O Governo, que tantas vezes proclama o seu espírito descentralizador, é manifestamente centralizador. E o Presidente da República confirma que por muito beijo e abraço que dê pelo interior continua a ser antirregionalista.
A promulgação pelo Presidente da República do diploma que introduz as eleições indiretas dos presidentes das Comissões de Coordenação e Desenvolvimento Regional (CCDR) mostra o lado mais sombrio do sistema partidário e confirma a visão centralizadora de Lisboa. Se a eleição por um colégio eleitoral constituído por autarcas já era uma farsa antidemocrática, Marcelo Rebelo de Sousa fez questão de sublinhar que o presidente e um dos “vices” das CCDR serão nomeados pelo Governo – como se todos os presidentes de Câmara fossem uns mentecaptos incapazes e corruptos sem capacidade de eleger os responsáveis máximos das regiões – e o Governo tem ainda a prerrogativa de os demitir.
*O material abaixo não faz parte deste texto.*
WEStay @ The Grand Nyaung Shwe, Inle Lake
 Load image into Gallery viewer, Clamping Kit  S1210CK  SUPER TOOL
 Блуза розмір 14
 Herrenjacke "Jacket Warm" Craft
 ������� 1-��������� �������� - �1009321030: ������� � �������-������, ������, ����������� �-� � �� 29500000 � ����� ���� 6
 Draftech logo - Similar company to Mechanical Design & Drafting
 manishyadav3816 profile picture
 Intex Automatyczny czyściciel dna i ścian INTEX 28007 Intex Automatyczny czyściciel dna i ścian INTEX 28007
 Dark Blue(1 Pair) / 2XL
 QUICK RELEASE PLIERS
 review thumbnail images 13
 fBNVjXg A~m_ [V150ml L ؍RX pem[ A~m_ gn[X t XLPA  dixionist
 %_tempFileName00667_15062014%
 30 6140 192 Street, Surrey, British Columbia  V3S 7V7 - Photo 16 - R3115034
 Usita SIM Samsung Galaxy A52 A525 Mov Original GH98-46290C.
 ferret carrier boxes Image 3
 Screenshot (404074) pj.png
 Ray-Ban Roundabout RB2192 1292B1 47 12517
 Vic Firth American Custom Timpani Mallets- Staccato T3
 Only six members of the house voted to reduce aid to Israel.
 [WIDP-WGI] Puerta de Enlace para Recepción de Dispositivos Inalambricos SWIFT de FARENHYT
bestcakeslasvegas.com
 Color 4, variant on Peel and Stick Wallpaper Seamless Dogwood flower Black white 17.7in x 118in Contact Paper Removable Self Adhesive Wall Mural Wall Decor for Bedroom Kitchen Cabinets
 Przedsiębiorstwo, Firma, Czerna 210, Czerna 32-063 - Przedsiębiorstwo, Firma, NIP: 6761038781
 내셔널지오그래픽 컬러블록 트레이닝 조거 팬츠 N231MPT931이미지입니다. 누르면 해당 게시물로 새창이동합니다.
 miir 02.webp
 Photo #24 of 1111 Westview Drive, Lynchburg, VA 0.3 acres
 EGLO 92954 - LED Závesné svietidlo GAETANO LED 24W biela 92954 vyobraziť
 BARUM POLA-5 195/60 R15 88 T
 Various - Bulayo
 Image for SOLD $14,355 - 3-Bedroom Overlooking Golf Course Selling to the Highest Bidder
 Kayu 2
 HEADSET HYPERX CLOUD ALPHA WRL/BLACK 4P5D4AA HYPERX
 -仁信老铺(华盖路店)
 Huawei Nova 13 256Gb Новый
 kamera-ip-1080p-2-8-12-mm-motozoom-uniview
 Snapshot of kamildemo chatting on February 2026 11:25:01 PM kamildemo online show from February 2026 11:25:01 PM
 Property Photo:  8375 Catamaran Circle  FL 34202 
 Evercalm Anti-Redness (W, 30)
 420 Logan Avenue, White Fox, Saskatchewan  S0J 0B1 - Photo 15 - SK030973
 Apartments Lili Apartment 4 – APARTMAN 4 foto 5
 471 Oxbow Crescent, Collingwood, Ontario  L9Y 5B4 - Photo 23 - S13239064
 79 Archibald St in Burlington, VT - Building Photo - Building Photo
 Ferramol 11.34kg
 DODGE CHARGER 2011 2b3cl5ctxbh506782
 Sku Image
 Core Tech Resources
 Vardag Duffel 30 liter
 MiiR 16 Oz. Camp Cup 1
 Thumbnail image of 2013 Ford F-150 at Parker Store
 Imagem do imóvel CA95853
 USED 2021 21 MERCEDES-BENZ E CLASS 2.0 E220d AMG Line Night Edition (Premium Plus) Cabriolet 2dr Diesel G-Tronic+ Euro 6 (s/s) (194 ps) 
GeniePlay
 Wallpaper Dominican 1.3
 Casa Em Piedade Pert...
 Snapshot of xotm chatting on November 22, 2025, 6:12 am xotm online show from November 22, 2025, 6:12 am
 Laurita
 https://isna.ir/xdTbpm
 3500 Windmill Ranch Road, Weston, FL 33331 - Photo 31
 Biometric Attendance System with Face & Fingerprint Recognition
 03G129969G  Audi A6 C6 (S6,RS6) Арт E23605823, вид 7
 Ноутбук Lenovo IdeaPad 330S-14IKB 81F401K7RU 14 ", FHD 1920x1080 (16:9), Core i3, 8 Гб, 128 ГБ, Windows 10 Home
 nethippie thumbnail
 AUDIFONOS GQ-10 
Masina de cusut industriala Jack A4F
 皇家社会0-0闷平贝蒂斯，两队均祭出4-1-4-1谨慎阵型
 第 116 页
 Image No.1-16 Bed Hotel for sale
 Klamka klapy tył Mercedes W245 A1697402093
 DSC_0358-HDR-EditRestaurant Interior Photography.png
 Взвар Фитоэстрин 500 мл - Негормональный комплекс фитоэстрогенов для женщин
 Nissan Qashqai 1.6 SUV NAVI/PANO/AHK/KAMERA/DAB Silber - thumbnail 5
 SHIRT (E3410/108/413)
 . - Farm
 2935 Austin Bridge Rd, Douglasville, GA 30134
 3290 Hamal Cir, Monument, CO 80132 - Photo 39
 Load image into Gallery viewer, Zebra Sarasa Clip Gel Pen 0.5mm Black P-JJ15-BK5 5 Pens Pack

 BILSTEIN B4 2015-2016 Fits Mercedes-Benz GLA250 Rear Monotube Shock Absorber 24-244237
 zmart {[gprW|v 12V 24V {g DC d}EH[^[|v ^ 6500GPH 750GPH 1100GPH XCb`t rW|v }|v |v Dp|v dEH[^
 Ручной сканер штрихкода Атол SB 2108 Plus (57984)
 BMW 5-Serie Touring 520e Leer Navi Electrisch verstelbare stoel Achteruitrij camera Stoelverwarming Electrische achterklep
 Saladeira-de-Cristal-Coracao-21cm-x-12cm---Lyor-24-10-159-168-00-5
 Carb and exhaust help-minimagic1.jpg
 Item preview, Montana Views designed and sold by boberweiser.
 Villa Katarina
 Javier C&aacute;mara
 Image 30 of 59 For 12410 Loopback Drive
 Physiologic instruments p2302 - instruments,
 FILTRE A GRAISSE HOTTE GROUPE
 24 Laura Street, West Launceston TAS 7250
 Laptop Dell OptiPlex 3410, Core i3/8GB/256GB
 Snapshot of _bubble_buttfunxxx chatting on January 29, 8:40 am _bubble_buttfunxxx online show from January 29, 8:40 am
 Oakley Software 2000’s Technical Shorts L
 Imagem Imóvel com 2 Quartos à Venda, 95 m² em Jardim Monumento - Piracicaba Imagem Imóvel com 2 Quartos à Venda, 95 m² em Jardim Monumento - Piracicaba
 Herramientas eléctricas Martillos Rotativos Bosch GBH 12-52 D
O “Portugal único” que Marcelo impôs enquanto líder do PSD para derrotar a regionalização no referendo de 1998 continua bem vivo na mente do Marcelo Presidente da República. As milhares de selfies, os mergulhos nas terras pobres e abandonadas, a presença constante ao lado de cada tragédia do país real, o abraço a cada uma das vítimas dos incêndios ou a mão amiga junto de cada pobre ostracizado e perdido nos mais recônditos lugares de um território que ficou para trás, não são mais do que a espuma dos tempos. Nos princípios e nas convicções, enquanto corre entre Porto Santo e os concelhos algarvios, entre Pedrógão e Foz Côa, o Presidente da República escolhe os corredores opacos e os labirintos burocráticos do Estado mais concentrado da Europa. Pode ajudar a limpar as lágrimas dos que sofrem pelo abandono do Portugal despovoado e pobre, mas não apoia as mudanças profundas e estruturais que o país precisa.
Por isso, quando o PS e o PSD se unem e subscrevem as conclusões de uma comissão que define a descentralização, fica em evidência que muito para além da aparente vontade de Costa ou Rio, o que temos são os aparelhos partidárias a controlar o Estado. Enquanto o poder central domina, são os partidos que regionalmente distribuem os lugares pelos “boys” sem qualquer controlo – a única forma de mudar, de fiscalizar e escrutinar é num contexto de participação e debate político e de poder regional democrático, com eleições diretas.
Podemos continuar a adiar a regionalização, mas sem descentralização os territórios de baixa densidade continuarão a morrer. O diploma que introduz a forma de eleição das CCDR é apenas mais uma farsa feita nas costas dos cidadãos. Os problemas das regiões têm de ser tratados e resolvidos por quem nelas vive, precisamos de meios e decisores de proximidade, que respondam perante as pessoas, que sejam democraticamente eleitos através de sufrágio universal.
Os custos da regionalização serão um investimento nas pessoas que nelas vivem. Os argumentos patéticos de que com a regionalização se estariam a criar novos lugares políticos e mais “tachos” é uma imbecilidade, pois esses lugares existem há muito numa administração concentrada e que não responde perante os cidadãos. Elegermos os decisores regionais (e sermos eleitos) é uma responsabilidade cívica e um direito democrático de todos.